# WHAT THE TASK ASKS:
Reproduce all of the data below without alteration; exclude every picture.

%%

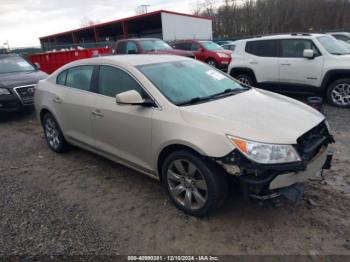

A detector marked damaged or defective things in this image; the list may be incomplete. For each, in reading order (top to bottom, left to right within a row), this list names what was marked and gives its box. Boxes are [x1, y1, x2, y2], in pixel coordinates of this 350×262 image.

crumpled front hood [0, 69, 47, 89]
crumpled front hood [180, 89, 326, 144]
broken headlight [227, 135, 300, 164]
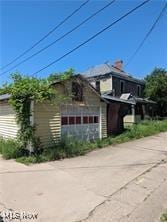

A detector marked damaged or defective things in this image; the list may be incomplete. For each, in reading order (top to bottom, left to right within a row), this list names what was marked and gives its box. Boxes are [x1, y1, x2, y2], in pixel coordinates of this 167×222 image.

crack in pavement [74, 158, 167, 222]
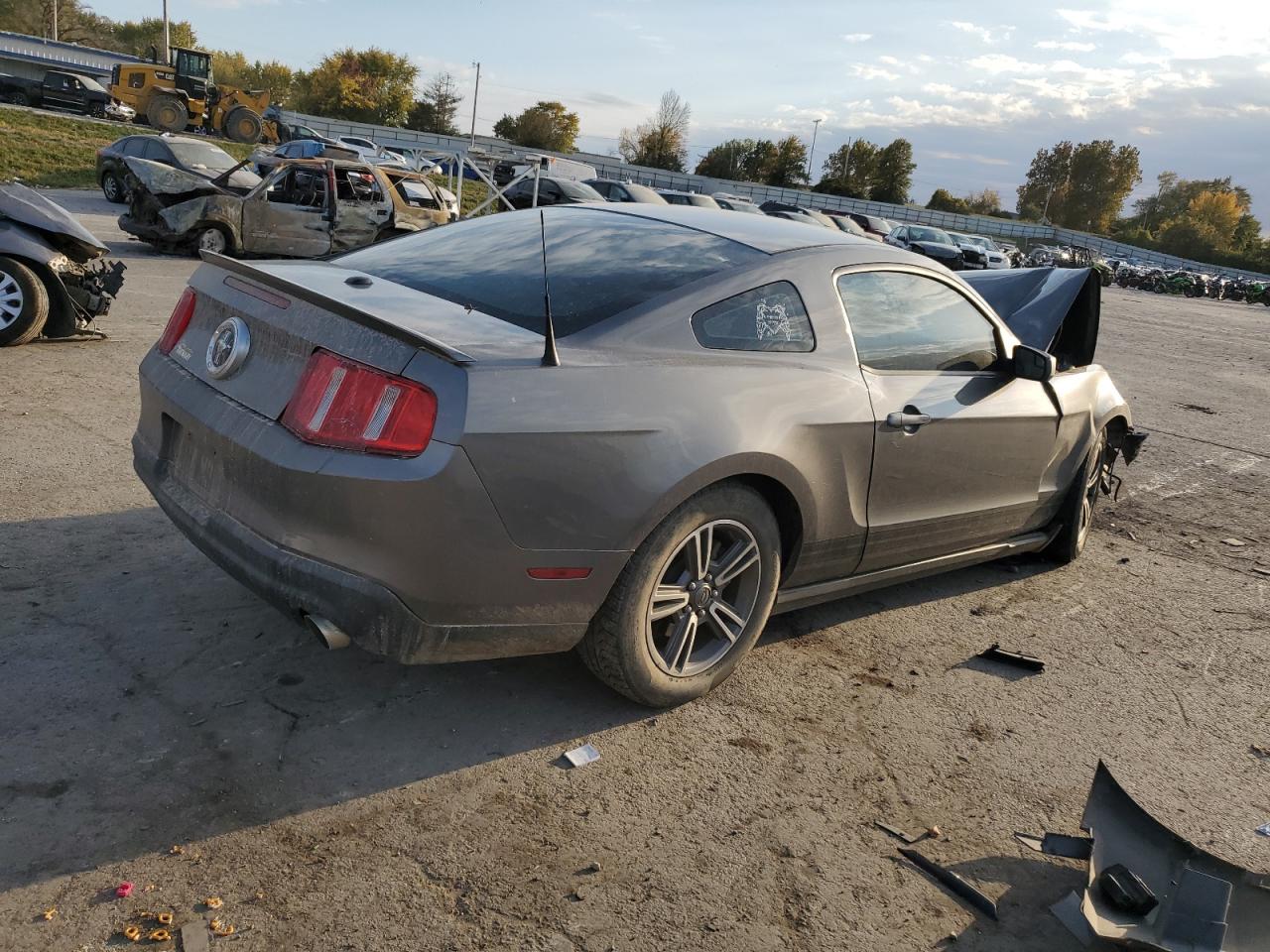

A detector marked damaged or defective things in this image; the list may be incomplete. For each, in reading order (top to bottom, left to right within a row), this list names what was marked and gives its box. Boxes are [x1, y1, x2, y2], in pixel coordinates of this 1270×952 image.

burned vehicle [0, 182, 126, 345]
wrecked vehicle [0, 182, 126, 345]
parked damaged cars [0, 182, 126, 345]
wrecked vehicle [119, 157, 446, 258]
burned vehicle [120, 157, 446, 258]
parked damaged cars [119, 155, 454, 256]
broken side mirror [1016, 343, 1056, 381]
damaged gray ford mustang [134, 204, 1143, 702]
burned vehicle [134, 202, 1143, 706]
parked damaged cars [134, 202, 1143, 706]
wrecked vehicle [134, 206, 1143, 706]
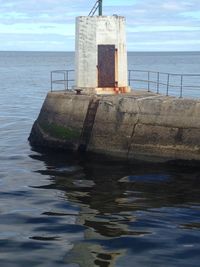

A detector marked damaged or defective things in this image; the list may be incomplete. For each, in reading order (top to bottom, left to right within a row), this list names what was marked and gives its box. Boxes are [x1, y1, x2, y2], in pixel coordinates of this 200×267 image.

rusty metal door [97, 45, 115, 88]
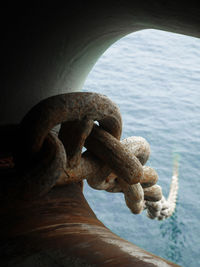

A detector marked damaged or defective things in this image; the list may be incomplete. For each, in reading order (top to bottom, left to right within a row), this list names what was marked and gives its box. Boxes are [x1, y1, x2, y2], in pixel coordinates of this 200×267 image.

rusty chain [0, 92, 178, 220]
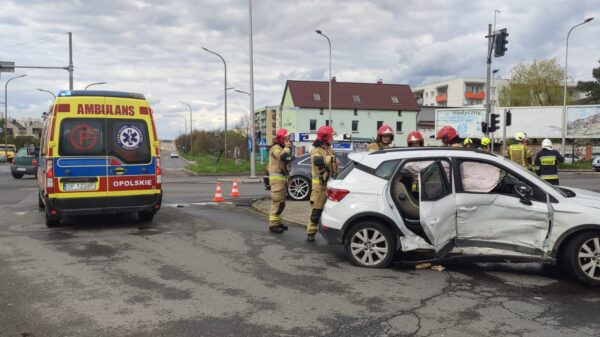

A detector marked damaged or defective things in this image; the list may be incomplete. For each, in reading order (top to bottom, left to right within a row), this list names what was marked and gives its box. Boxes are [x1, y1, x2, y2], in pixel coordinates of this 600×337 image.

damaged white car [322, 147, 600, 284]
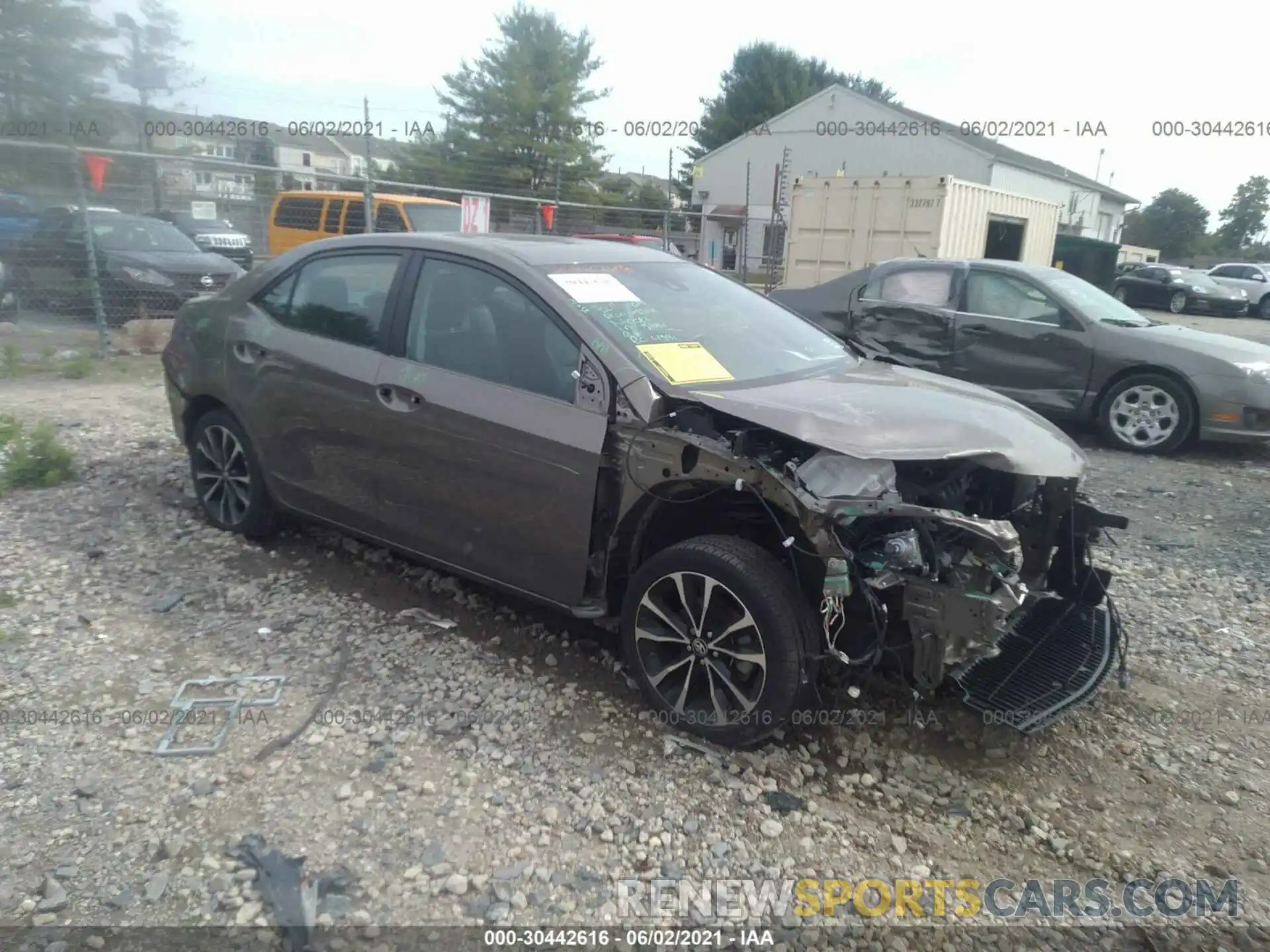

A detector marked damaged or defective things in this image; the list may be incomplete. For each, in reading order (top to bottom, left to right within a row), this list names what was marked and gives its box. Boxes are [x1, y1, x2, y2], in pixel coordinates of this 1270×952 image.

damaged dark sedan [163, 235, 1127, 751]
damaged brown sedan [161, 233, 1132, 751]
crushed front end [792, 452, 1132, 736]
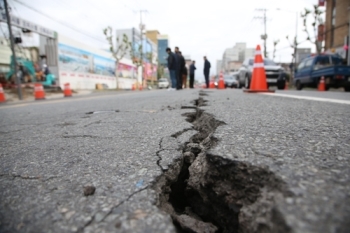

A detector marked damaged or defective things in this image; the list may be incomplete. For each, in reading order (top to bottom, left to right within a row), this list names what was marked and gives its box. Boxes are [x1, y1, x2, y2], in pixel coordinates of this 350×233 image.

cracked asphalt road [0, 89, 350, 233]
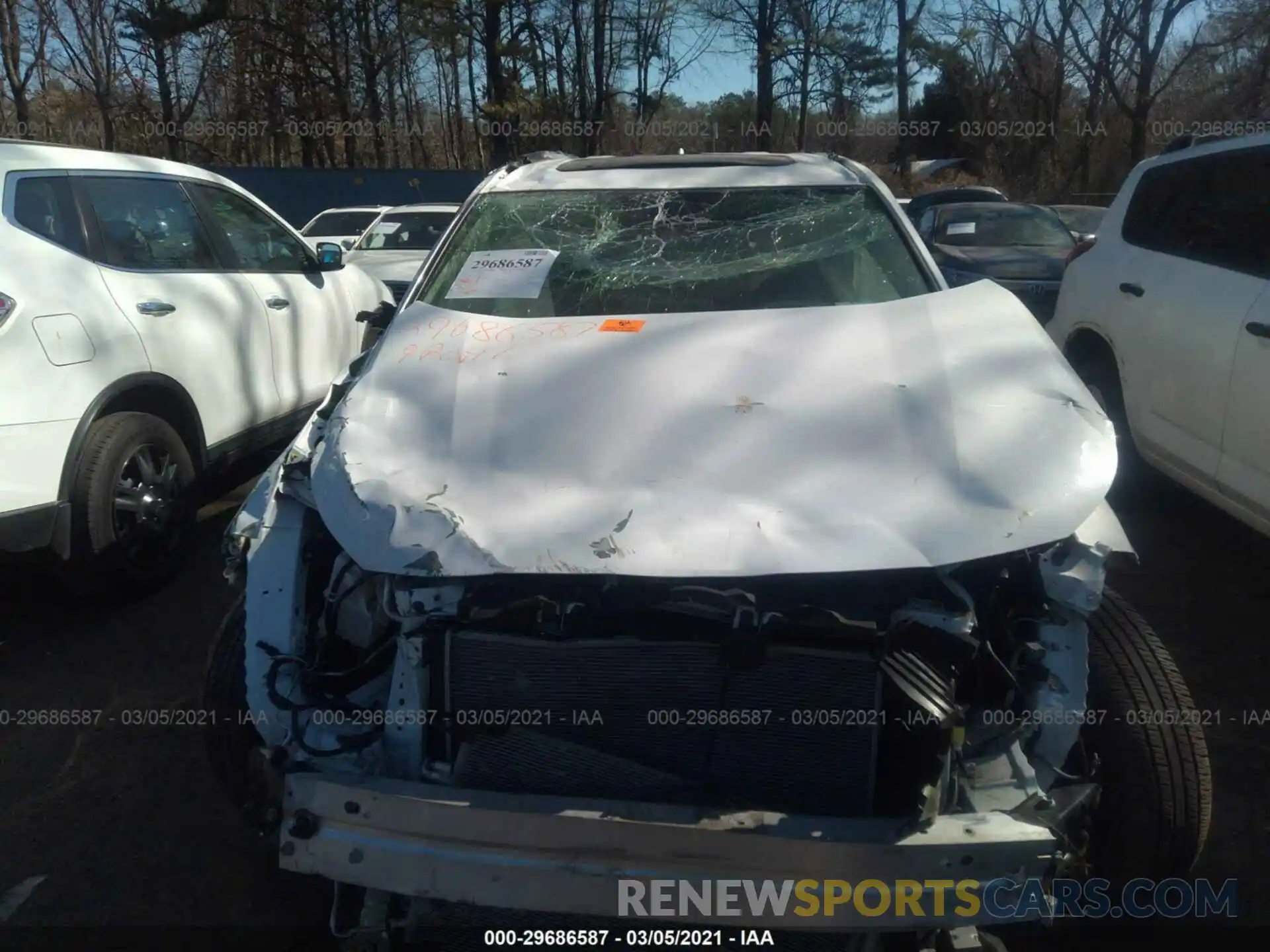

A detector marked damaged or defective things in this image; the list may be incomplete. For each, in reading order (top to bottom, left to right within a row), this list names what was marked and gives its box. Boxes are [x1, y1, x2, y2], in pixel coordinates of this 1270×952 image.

%%

# EXPECTED OUTPUT:
A detector marked damaged or defective things in this image; the list may be incomplete. For each, in reading order (top to bottom, left to right within a row), this list names what was marked and gives its box. Boxes are [x1, y1, x2, y2], in pixel coordinates of this 350×262 image.

crumpled front hood [0, 69, 47, 89]
crumpled front hood [180, 89, 326, 144]
broken headlight [227, 135, 300, 164]

A detector marked damaged or defective things in this image; the list may be incomplete. For each, in reading order (top to bottom, left to right within a row), this list names what was marked and gives its box. Boxes are [x1, y1, x2, y2], in pixel coordinates of this 167×222 image.

crack in pavement [74, 158, 167, 222]

A detector marked damaged or defective things in this image; the list may be incomplete. For each, in reading order (top to bottom, left to right within a row), this list names what was marked and gives its box. Boxes are [x1, y1, x2, y2], in pixel coordinates of this 1270×952 image.

burned vehicle [0, 182, 126, 345]
wrecked vehicle [0, 182, 126, 345]
parked damaged cars [0, 182, 126, 345]
wrecked vehicle [119, 157, 446, 258]
burned vehicle [120, 157, 446, 258]
parked damaged cars [119, 155, 454, 256]
broken side mirror [1016, 343, 1056, 381]
damaged gray ford mustang [134, 204, 1143, 702]
burned vehicle [134, 202, 1143, 706]
parked damaged cars [134, 202, 1143, 706]
wrecked vehicle [134, 206, 1143, 706]

A detector marked damaged or defective things in this image; the list may be incomplete. For each, in reading order (top to bottom, left to right within a row), this list names what was marked and gives its box. Boxes are [x1, y1, x2, y2], in pixel coordinates of this 200×267 image.

rusty metal door [97, 45, 115, 88]

A detector marked damaged or defective things in this image; the list may be incomplete. For each, in reading order (top to bottom, left to right within a row), this list names what was marked and gives its box. Boxes are [x1, y1, x2, y2], in pixel coordinates of this 200×267 image.

rusty chain [0, 92, 178, 220]

A detector marked damaged or defective things in this image; the list may be incomplete. For each, in reading order (top to bottom, left to right within a row), this list names what was marked and gives its box. Boxes are [x1, y1, x2, y2], in pixel coordinates of this 600×337 image.

damaged white car [322, 147, 600, 284]

A detector marked damaged or defective things in this image; the list may be incomplete. For each, in reading order (top to bottom, left to right within a row), this list names what was marked and gives its box. Boxes are [x1, y1, x2, y2], in pixel coordinates of this 1270×952 image.

damaged dark sedan [163, 235, 1127, 751]
damaged brown sedan [161, 233, 1132, 751]
crushed front end [792, 452, 1132, 736]

A detector marked damaged or defective things in this image; the list may be incomplete. For each, in reading order (top to bottom, left to right within a row), this list names what was marked and gives its box. Boxes are [x1, y1, x2, y2], in pixel coordinates of this 350×233 image.

cracked asphalt road [0, 89, 350, 233]

A detector marked damaged or defective things in this image; the list may be incomplete. For each, in reading order (top to bottom, left to right within a row), this list names what was marked and gives its box. Boxes are [x1, y1, x2, y2], in pixel coordinates of this 1270×952 image.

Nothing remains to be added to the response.